LYNNE OLSEN: This was an unusual love story. And again, like Evan, I didn't find out about it until last year when I was in Paris. Marie-Madeleine Fourcade wrote a memoir, and she talked very lovingly about her number two, her deputy in this network who was a dashing Air Force pilot. When I was reading the memoir, I thought, there's more to it than-- than what she's writing about. And as it turns out, she, in fact, did have an affair with this guy. She fell madly in love with him, he with her. They were both very passionate, charismatic people, and she got pregnant in the middle of the war. She got pregnant in November 1942. And she was on the run from the Gestapo while she was pregnant, you know, going from place the place to place. Finally, had the baby in June 1943 in Lyon. Her-- the love of her life was captured about three months later by the Gestapo and was executed toward the end of the war.
BOB SCHIEFFER: All three of these women made the most of being underestimated by the men they were dealing with.
LYNNE OLSEN: Yes. She definitely did. Again, you know, the idea of a woman doing what she did was just extraordinary. And-- and she benefited and other women in the resistance, women played a huge role in the French Resistance. They were absolutely necessary. But Germans come from the same kind of society the French do, you know, very conservative, very traditional, very paternalistic. And, of course, women don't do that kind of thing. You know, they are either wives or mothers. And so you don't expect them to be out there, you know, spying or-- and so they got away with a lot initially.

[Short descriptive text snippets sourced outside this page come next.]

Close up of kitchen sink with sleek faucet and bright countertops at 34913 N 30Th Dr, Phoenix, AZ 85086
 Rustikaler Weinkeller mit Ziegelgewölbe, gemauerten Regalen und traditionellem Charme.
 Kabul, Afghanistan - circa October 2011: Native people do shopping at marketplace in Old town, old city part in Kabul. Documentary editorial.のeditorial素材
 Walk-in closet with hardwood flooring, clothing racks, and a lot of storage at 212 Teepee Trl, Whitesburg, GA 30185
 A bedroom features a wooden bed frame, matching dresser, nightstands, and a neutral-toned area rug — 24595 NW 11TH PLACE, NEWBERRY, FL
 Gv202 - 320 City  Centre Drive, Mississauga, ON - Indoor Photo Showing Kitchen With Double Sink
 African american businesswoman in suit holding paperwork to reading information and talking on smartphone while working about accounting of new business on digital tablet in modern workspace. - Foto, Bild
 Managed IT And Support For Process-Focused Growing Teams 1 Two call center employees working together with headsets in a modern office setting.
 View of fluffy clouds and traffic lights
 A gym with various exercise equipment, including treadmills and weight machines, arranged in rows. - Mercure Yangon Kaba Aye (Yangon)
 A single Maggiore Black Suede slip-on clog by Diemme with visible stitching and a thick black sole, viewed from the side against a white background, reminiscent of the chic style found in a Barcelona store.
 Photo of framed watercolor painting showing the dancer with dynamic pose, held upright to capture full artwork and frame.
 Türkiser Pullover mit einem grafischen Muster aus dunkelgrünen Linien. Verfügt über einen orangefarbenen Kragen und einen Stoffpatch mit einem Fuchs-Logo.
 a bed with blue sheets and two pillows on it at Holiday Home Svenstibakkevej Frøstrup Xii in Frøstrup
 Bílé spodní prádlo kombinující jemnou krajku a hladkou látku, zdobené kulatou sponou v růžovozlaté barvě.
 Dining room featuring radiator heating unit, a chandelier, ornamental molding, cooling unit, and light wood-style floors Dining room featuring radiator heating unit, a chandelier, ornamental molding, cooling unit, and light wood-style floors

BOB SCHIEFFER: And-- and, you know, Evan, one of the things that struck me in your book is how much Sandra Day O'Connor learned from her mother and how her mother managed her father, especially when he had been drinking too much and how she used that when she was on the court.
EVAN THOMAS: Right. Right. Sandra Day O'Connor was-- I mean, her-- her dad told her about self-reliance and was loving and great, but her dad could be a little rough on her mom at night. And she watched the way her mom was not passive. She didn't roll over. But she avoided stupid fights. She didn't take the bait. You know, she had a way of avoiding provocation, just walking away. This was very useful to Sandra O'Connor in dealing with men. And sometimes she did have to stand up to them. There's a-- a great scene in the Arizona legislature. She is majority leader. The House Appropriations Committee Chairman is a drunk. And she calls him on it. And he says, "If you were a man, I'd punch you on the nose." And she said to him, "If you were a man, you could." So there were-- she picked the shots. There were times when she did, but at other times she walked away from the dumb fight.
BOB SCHIEFFER: And we'll be back in just a minute.
(ANNOUNCEMENTS)
BOB SCHIEFFER: We're back now with our biographers, Lynne Olsen, Susan Page and Evan Thomas. Evan, I want to get back to you about how women in those days were dealing with men, and you talked about Sandra Day O'Connor and what she had learned from her mother. But there was one very important issue, and that was abortion, where the way she handled it with Scalia had an impact and-- and turned around that issue.
EVAN THOMAS: Scalia was condescending to her, big mistake. Scalia thought he had five votes to overturn Roe v. Wade. And it looked like he did, but Scalia could be-- could be a condescending person. And he was condescending to Tony Kennedy, who he thought was going to be the vote. She was respectful to Justice Kennedy, and at the end of the day, she formed this little coalition and surprised Scalia, and by being modest and respectful and shrewd, she was able to winkle a vote away to-- to her side and preserve abortion rights in the Casey case in 1992. That was a-- that was a very subtle moment of human intelligence.
BOB SCHIEFFER: Did any of these women consider themselves the feminists, Susan?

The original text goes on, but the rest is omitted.